▶ [WHAT TO DO]:
In this exercise, retype exactly and only the lines from the top of the entries below through the line that holds "Beautiful People image", omitting pictures.

┌──

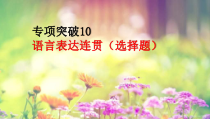 2022届高考专题复习：语言表达连贯（选择题）专项突破课件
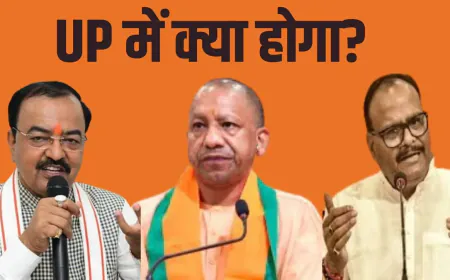 UP Politics News: ब्रजेश पाठक ने भी दिया योगी को झटका, दोनो डिप्टी CM एक राह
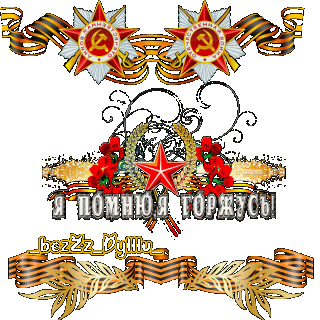 я помню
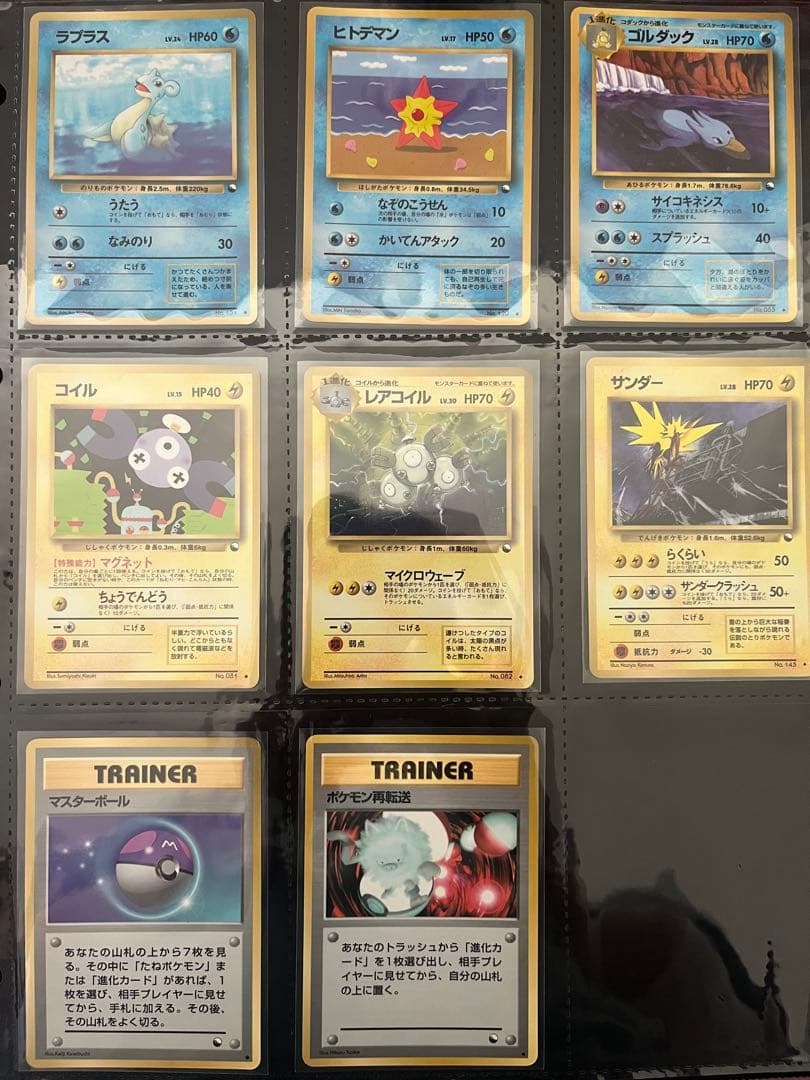 ポケモンカード引退品 旧裏 拡張シート64枚まとめ売り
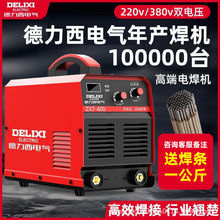 德力西电焊机315工业级双电压大功率便携工地400三相手工焊全套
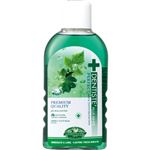 リベルタ デンティス オーラルリンス 450ml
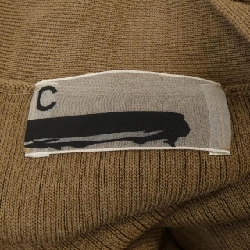 Áo khoác cardigan Chaos - Hàng hiệu Authentic 819538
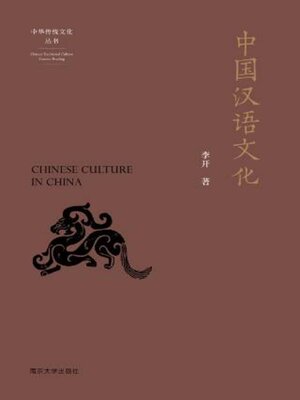 cover image of 中国汉语文化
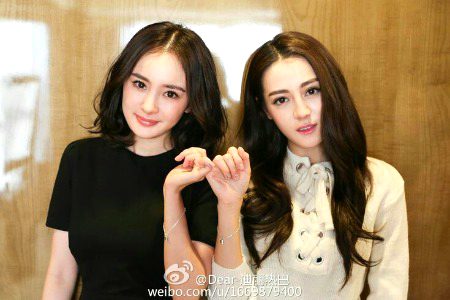 Beautiful People image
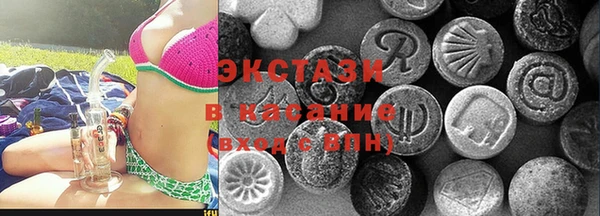 MESCALINE Тутаев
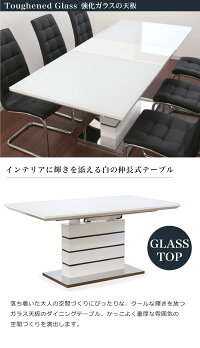 伸長式伸縮ダイニングテーブルセットダイニングセット7点6人掛けホワイト白鏡面160×85200×85大判ハイバックチェア北欧モダンおしゃれシンプルスタイリッシュ楽天家具通販送料無料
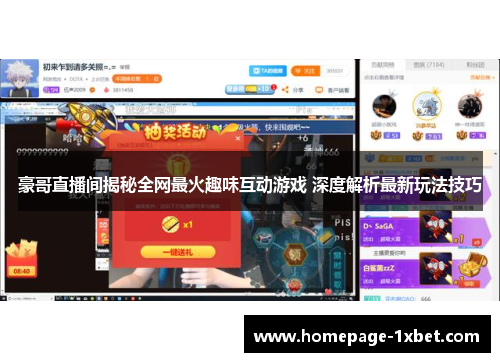 豪哥直播间揭秘全网最火趣味互动游戏 深度解析最新玩法技巧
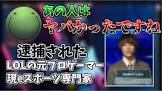 はりーシ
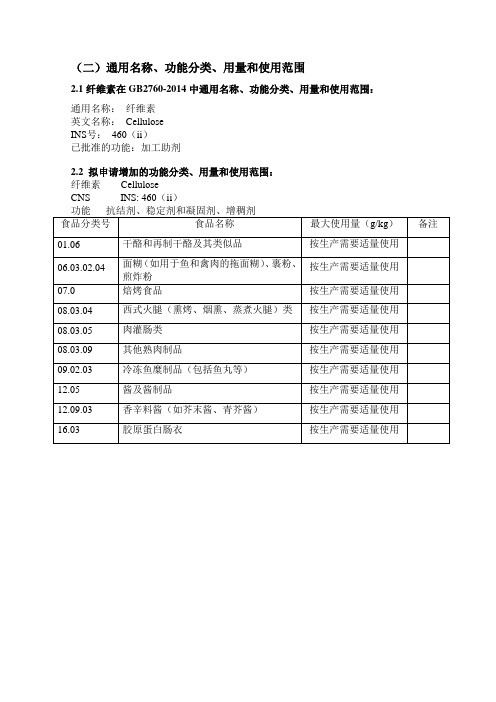 焦磷酸钠通用名称功能分类用量和使用范围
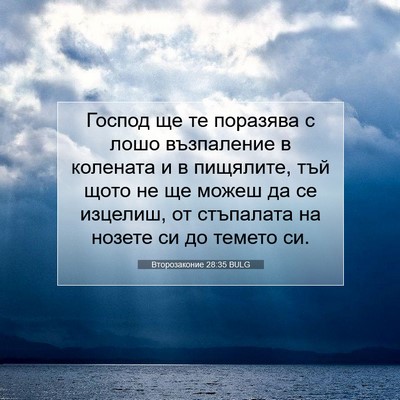 Picture 07 - Второзаконие 28:35 BULG - Господ ще те поразява с - Bible Verse Picture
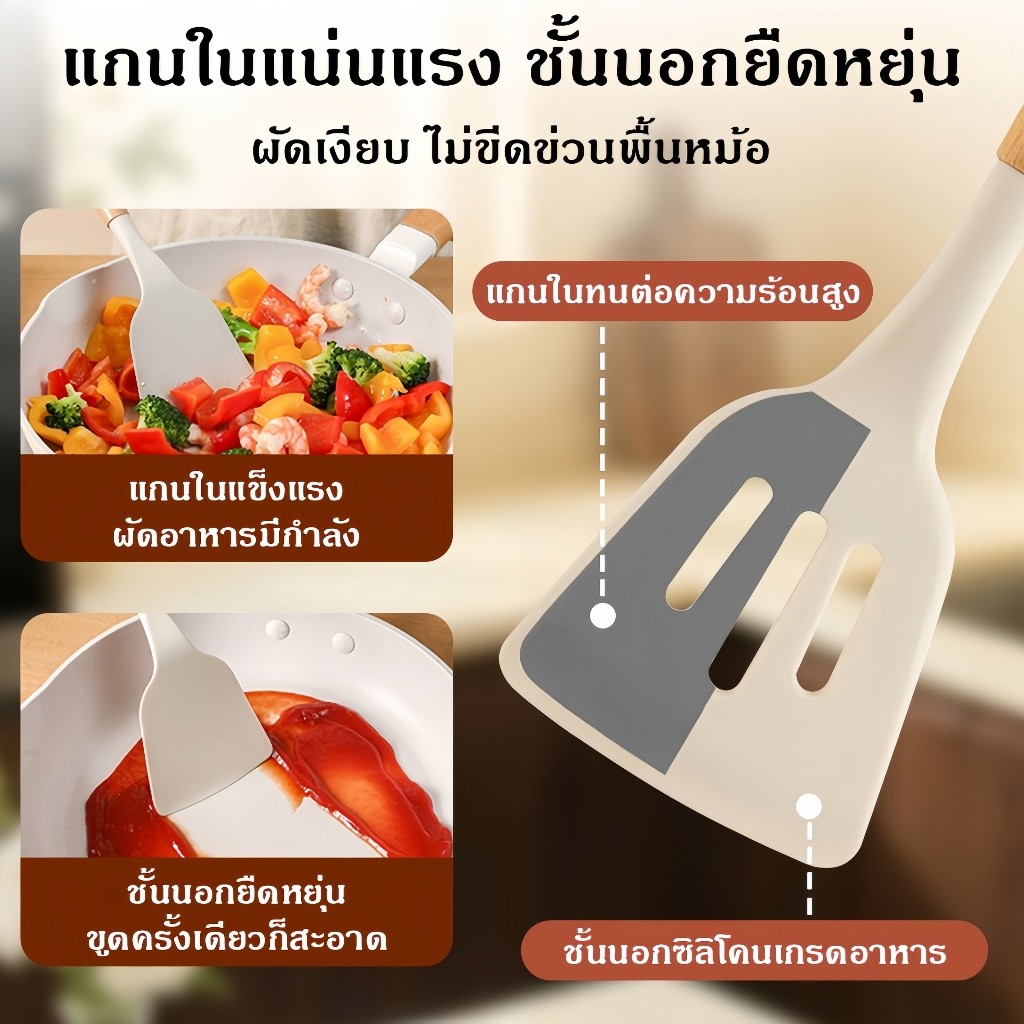 ชุดเครื่องครัว 3ชิ้น ตะหลิวซิลิโคน กระบวยซิลิโคน กระบวยมีรู ด้ามจับไม้ ทนความร้อนสูง พิเศษสำหรับทำอาหาร - รูปที่ 5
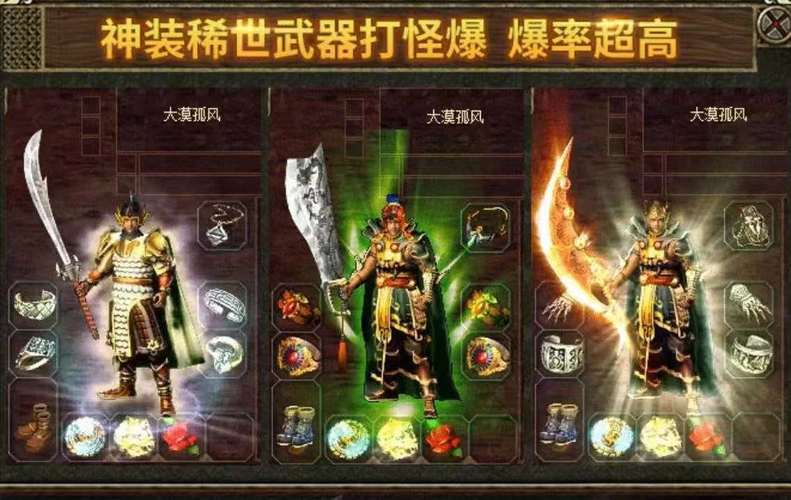 传奇3手游光通版：经典三职业超变态传奇手游，热血攻沙！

└──

▶ [RESULT BELOW]:
 2022届高考专题复习：语言表达连贯（选择题）专项突破课件
 UP Politics News: ब्रजेश पाठक ने भी दिया योगी को झटका, दोनो डिप्टी CM एक राह
 я помню
 ポケモンカード引退品 旧裏 拡張シート64枚まとめ売り
 德力西电焊机315工业级双电压大功率便携工地400三相手工焊全套
 リベルタ デンティス オーラルリンス 450ml
 Áo khoác cardigan Chaos - Hàng hiệu Authentic 819538
 cover image of 中国汉语文化
 Beautiful People image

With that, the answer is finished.